June: Salmonflies (#4-6), Golden stoneflies (#8-10), and Green Drakes (#8-10)
Overall the Clark Fork does not have a great Salmonfly hatch. The two exceptions to this are the upper river from the confluence of Rock Creek to Missoula, and the Alberton Gorge. The Salmonflies on the upper Clark are always the first to hatch and provide a week or two of exciting fishing while the other rivers are still waiting for the big bugs. The Golden stone and Green Drake hatches come off later in the month when water conditions are typically more favorable. June is a real sleeper month for the Clark Fork as most anglers are focused on other area rivers. This provides us with a great opportunity to fish big dries to unpressured trout.
July: Golden stoneflies (#8-10), Green Drakes (#8-10), Pale-morning Duns (#14-16), and Caddis (#14-16)
The large stones and drakes will continue to bring fish up early in the month, but as the water drops and clears daily hatches of PMDs and caddis will start to dominate the feeding rhythms. The trout will begin to congregate in the large pods that the lower Clark Fork is famous for with the mayflies as a main course during the day, and caddis on the menu each evening.

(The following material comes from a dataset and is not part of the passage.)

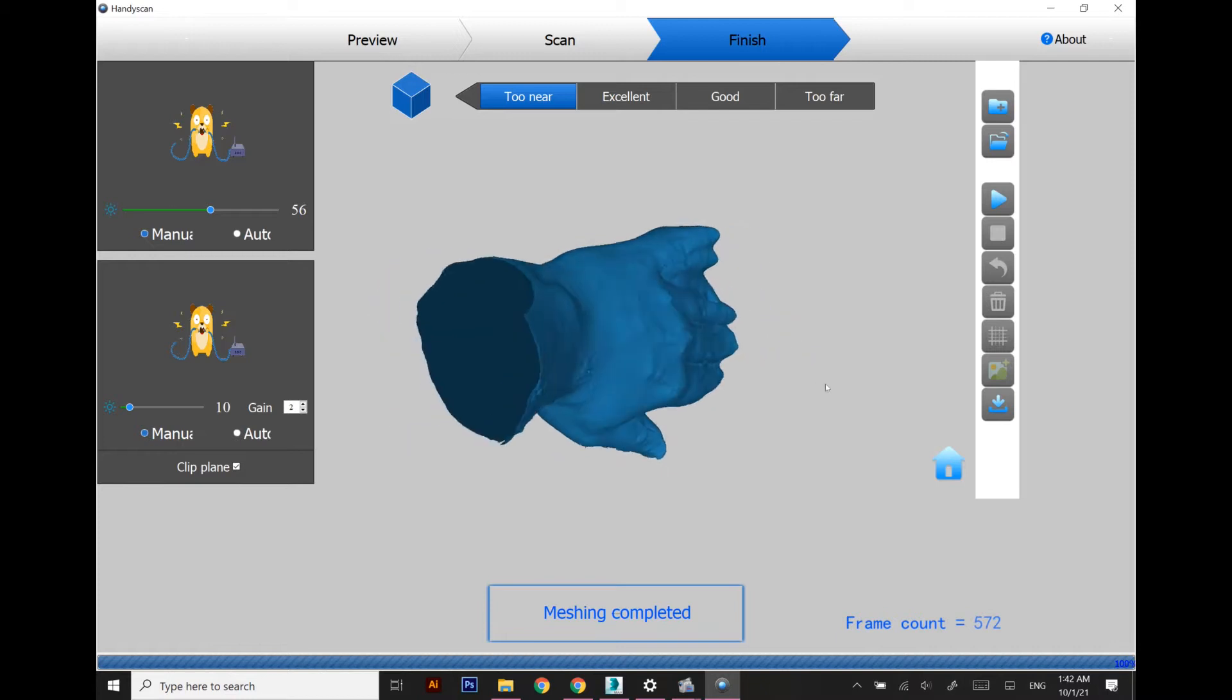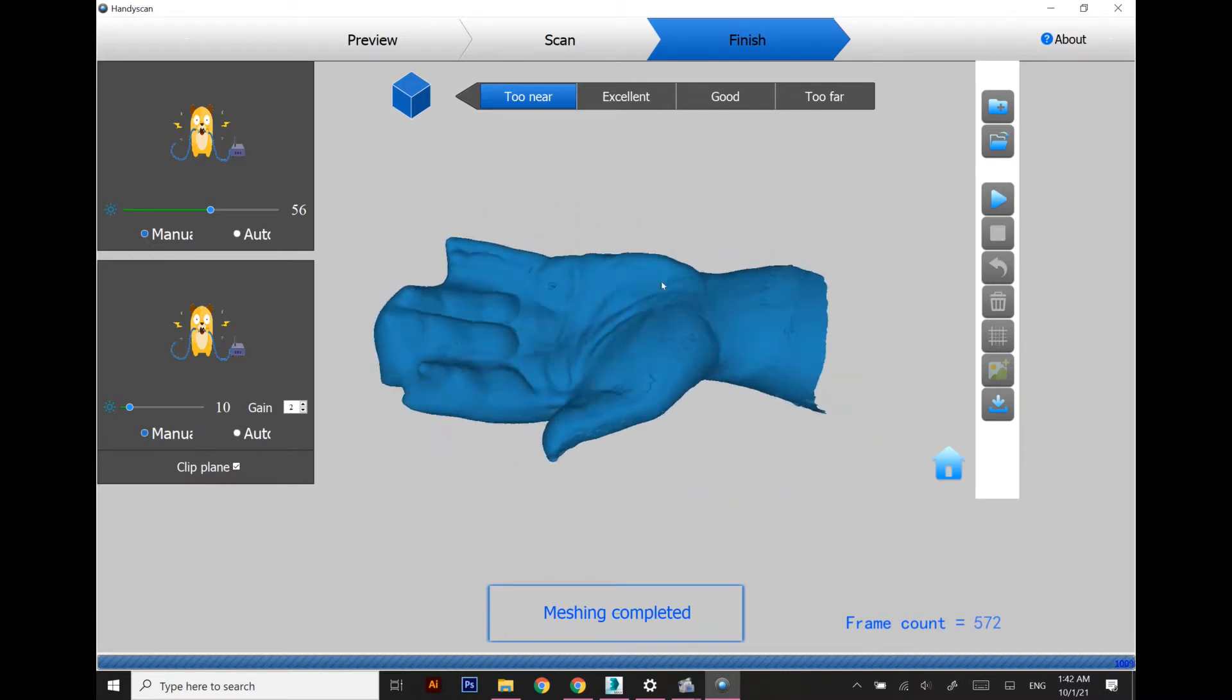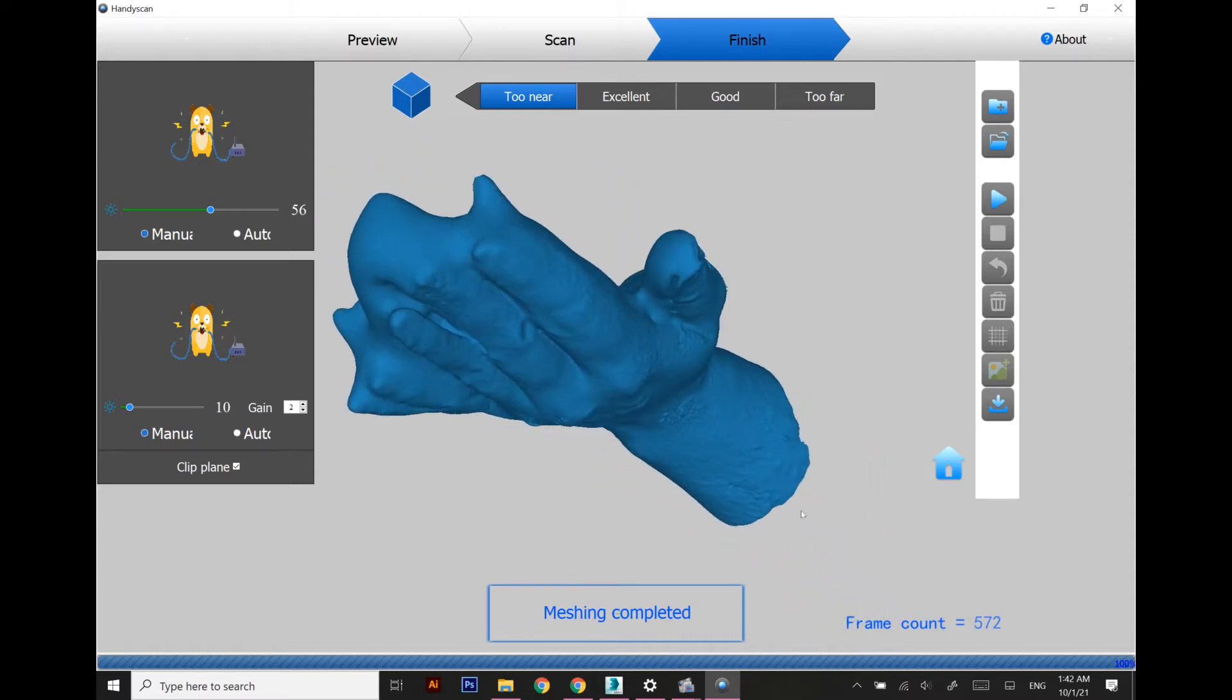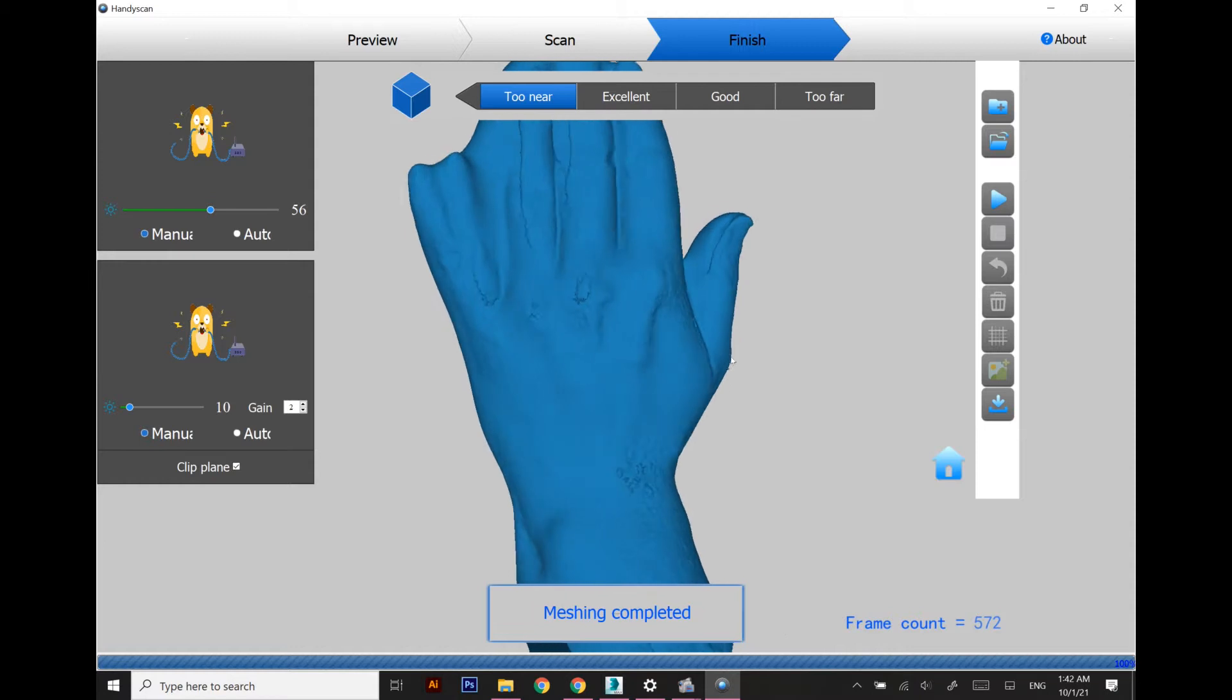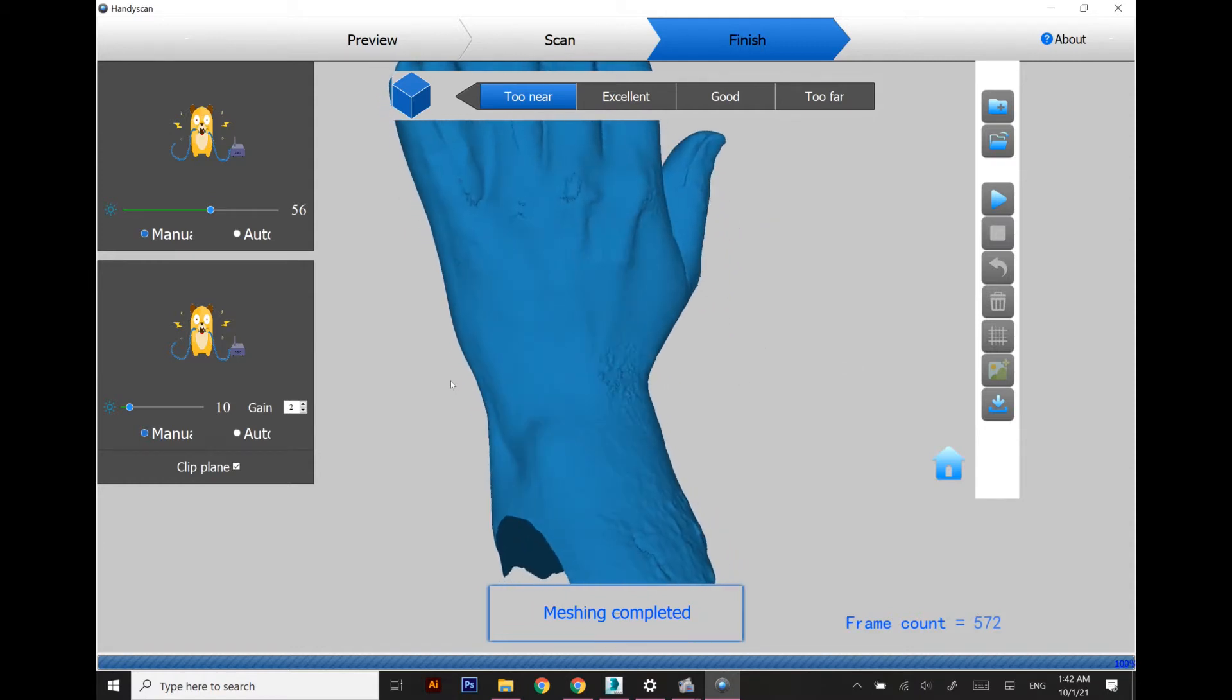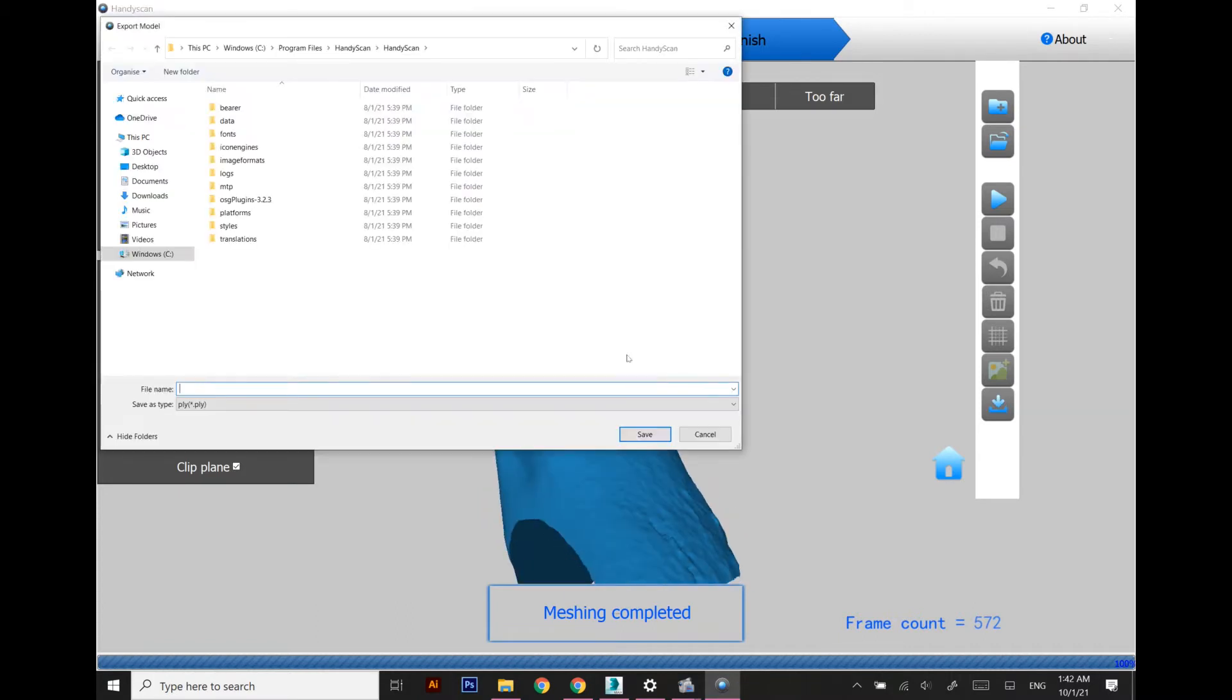The wrist area is quite good enough and the upper thumb part is also okay. This is the required area which I am going to use for designing the splint for my wrist, so I'm going to export this one in OBJ format.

August: Grasshoppers (#6-10), Tricos (#18-22), Pale-morning Duns (#14-16), and Hecubas (#8-10)
PMDs will continue to trickle off through most of the month, but the prolific morning Trico hatches become the main attraction. These small mayflies have the trout looking up every day of late summer providing opportunities to head hunt and test your skills. The hopper fishing is nothing short of fantastic. The upper river offers plenty of structure to fish big bugs around, and the high grassy banks of the lower river sends countless terrestrials to their demise on long lazy runs. The Hecuba is yet another big meal trout have a hard time passing up. These big Fall Drakes provide some of our best August fishing.
Sept./October: Grasshoppers (#6-10), Mahogany Duns (#12-16), and Blue-wing Olives (#16-18)

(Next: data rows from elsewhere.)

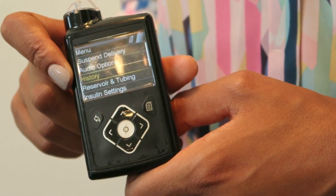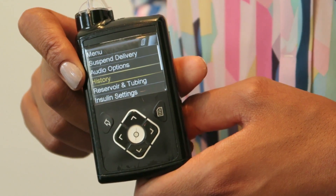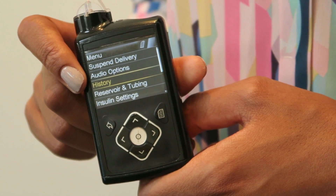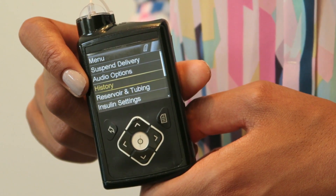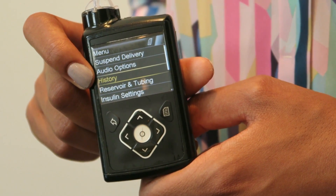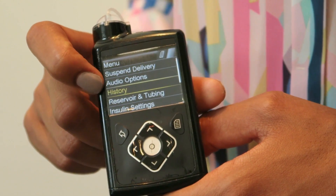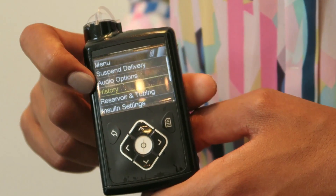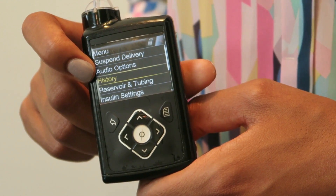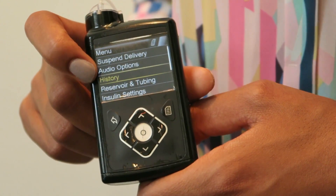The history option is something that's really handy about insulin pumps compared to injections, because if for example you think you've forgotten to take your insulin, with an insulin pump you can just check back and see whether you've taken it or not. This gives an account of the last day or couple of days to see what's been going on, so you can look at your total daily doses as well.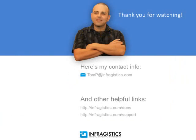Infragistics. On the web at Infragistics.com.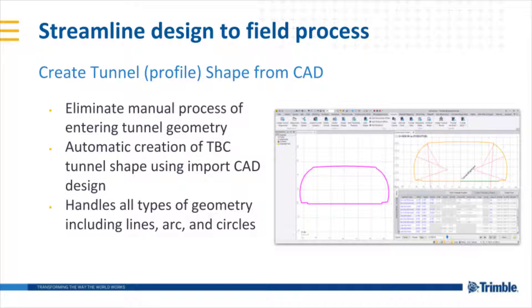The create tunnel shape from CAD command allows you to eliminate the manual process of entering tunnel geometry to create tunnel shapes for a TBC tunnel. The command works by automatically creating a TBC tunnel shape using imported CAD data. This can handle all types of geometry such as lines, arcs, and circles.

Without question this is THE prime time for the Clark Fork. We continue to prospect with hoppers during non-hatch situations, but every day like clockwork there will be good hatches of Mahoganies and Blue-wings shortly after lunch. Actively feeding pods of 5 to 50 trout are willing to engulf any properly presented fly. From mid-Sept. to mid-Oct. the Clark Fork is arguably one of the best dry fly rivers in the state.